A aula que recebi, aos 17 anos, foi de gente fascista, autoritária, que por absoluta estupidez se achava superior aos demais. Como os governos vigentes. Eram tempos de ditadura e conheci a metodologia de então quando fui sequestrado para que me obrigassem a dar a informação que queriam. Simples assim! Sem diálogo, sem debate, sem discussão. Um adolescente se nega a dizer o que sabe e é sequestrado em um bar de esquina, diante de seis testemunhas, levado a força, aterrorizado sob ameaças absurdas, sendo espancado e tendo como “herança” três anos de colete ortopédico e uma coluna que sinaliza problemas ainda hoje.

Eram tempos de ditadura militar! De um lado o meu pai, homem simples e trabalhador. Do outro, uma “família de gente de bem”. Dinheiro e posição social. Um sistema judiciário complicado, advogados subornados pela outra parte e, 10 anos após – DEZ ANOS! – o processo foi arquivado por insuficiência de provas. Seis testemunhas oculares, um exame de corpo de delito que comprovou o descolamento de cartilagem de uma vértebra e, entre outras, um bilhete que me obrigaram a escrever, apresentado como documento de que eu tivesse ido por vontade própria não constituíram provas. A justiça é cega…

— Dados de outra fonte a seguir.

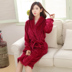 Mùa thu và mùa đông những người yêu thích flannel áo ngủ nam và nữ áo choàng tắm san hô lông cừu dày áo dài tay đồ ngủ dịch vụ nhà ao ngu cao cap Night Robe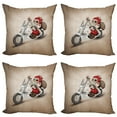 thumbnail image 1 of Ambesonne Christmas Throw Pillow Cover 4 Pack, Cool Santa on Bike, 16", Red and Cream, 1 of 7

Anos depois, já no ABC paulista, entrei pela primeira vez em uma favela. O cheiro de esgoto a céu aberto era esquecido quando servido o café fresquinho feito por senhoras asseadas. Mães, como a minha! Nunca me esqueci do chão varrido, dos móveis velhos e quebrados, mas limpos e enfeitados com toalhinhas bordadas, pintadas! Nas paredes, reproduzi depois em uma peça de teatro, uma página dupla de revista com um time de futebol – invariavelmente o Corinthians! – e uma imagem de Nossa Senhora da Aparecida. Desde então soube que nas favelas, que hoje chamamos comunidades, vivem seres humanos como eu, como todos nós.

Foi no ABC, especificamente em Santo André, que descobri a luta de pessoas por um pedaço de terra para morar. E foi lá também que após uma tempestade, em um mês de janeiro que me traumatizou, estive envolvido em uma ação de crianças soterradas sob dois metros cúbicos de barro, após o barraco ter caído morro abaixo com as fortes chuvas. Por outro lado, os moradores do bairro enfrentavam ações de despejo de gente inescrupulosa, interessada em lucro, mesmo que este fosse a custo da morte de outros.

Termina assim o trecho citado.